Source data
■ ■ ■ ■

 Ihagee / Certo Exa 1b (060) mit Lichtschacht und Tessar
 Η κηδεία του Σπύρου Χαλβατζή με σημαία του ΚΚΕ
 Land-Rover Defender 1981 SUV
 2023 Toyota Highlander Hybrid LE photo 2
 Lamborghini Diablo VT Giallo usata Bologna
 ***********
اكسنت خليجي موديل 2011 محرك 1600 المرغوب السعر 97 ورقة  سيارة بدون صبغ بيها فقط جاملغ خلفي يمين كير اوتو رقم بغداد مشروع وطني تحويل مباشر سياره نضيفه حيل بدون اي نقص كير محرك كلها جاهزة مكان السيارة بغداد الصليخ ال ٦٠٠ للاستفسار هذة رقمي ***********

■ ■ ■ ■

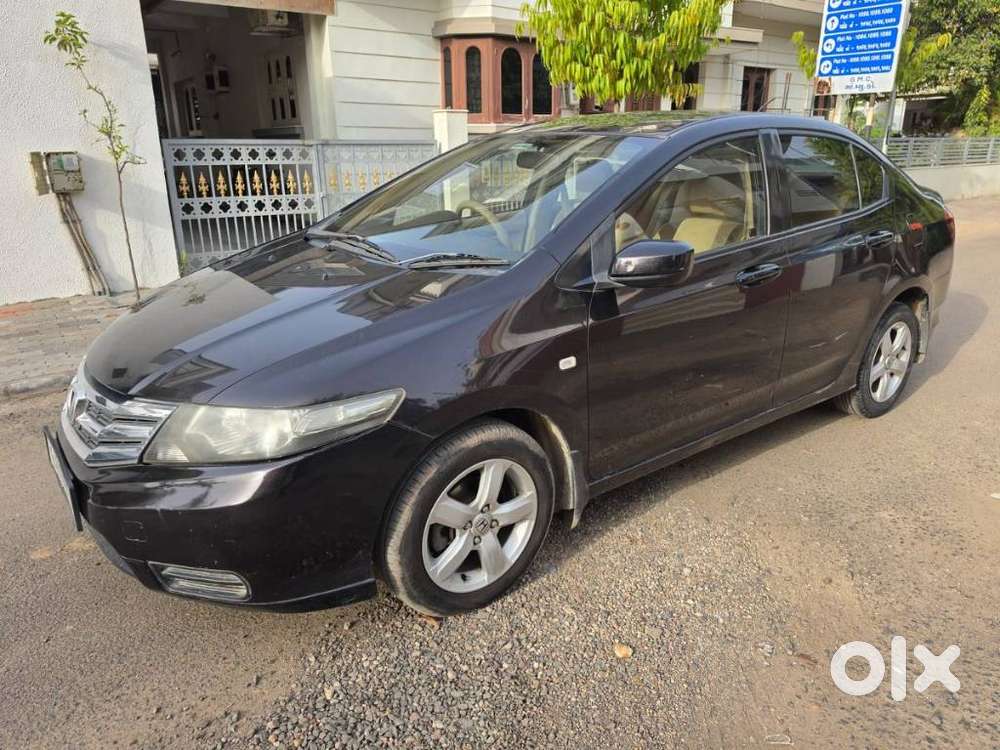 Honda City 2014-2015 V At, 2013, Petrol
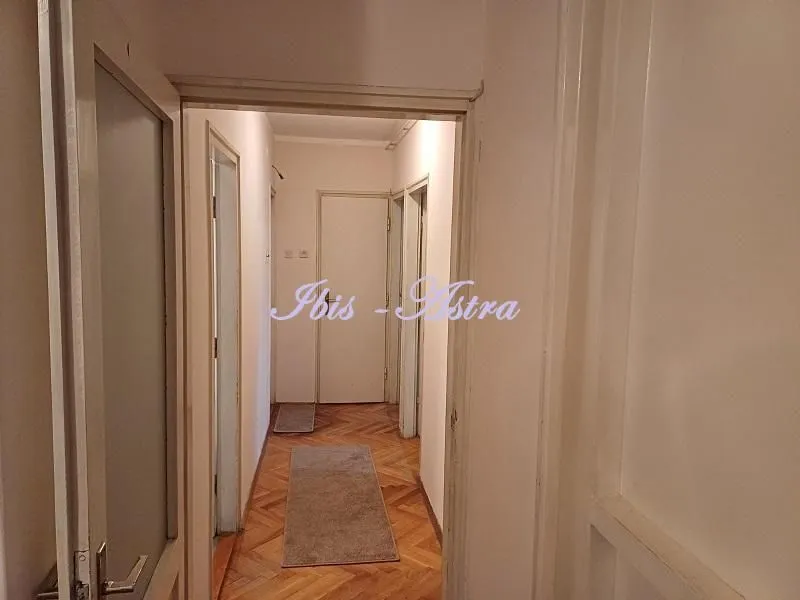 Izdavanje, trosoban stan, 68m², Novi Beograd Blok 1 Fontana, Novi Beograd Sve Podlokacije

■ ■ ■ ■

Problem statement
Above are the entries. Output exactly the lines beginning with the line that has "Ihagee / Certo" and ending with the line that has "اكسنت خليجي موديل".

Written response
 Ihagee / Certo Exa 1b (060) mit Lichtschacht und Tessar
 Η κηδεία του Σπύρου Χαλβατζή με σημαία του ΚΚΕ
 Land-Rover Defender 1981 SUV
 2023 Toyota Highlander Hybrid LE photo 2
 Lamborghini Diablo VT Giallo usata Bologna
 ***********
اكسنت خليجي موديل 2011 محرك 1600 المرغوب السعر 97 ورقة  سيارة بدون صبغ بيها فقط جاملغ خلفي يمين كير اوتو رقم بغداد مشروع وطني تحويل مباشر سياره نضيفه حيل بدون اي نقص كير محرك كلها جاهزة مكان السيارة بغداد الصليخ ال ٦٠٠ للاستفسار هذة رقمي ***********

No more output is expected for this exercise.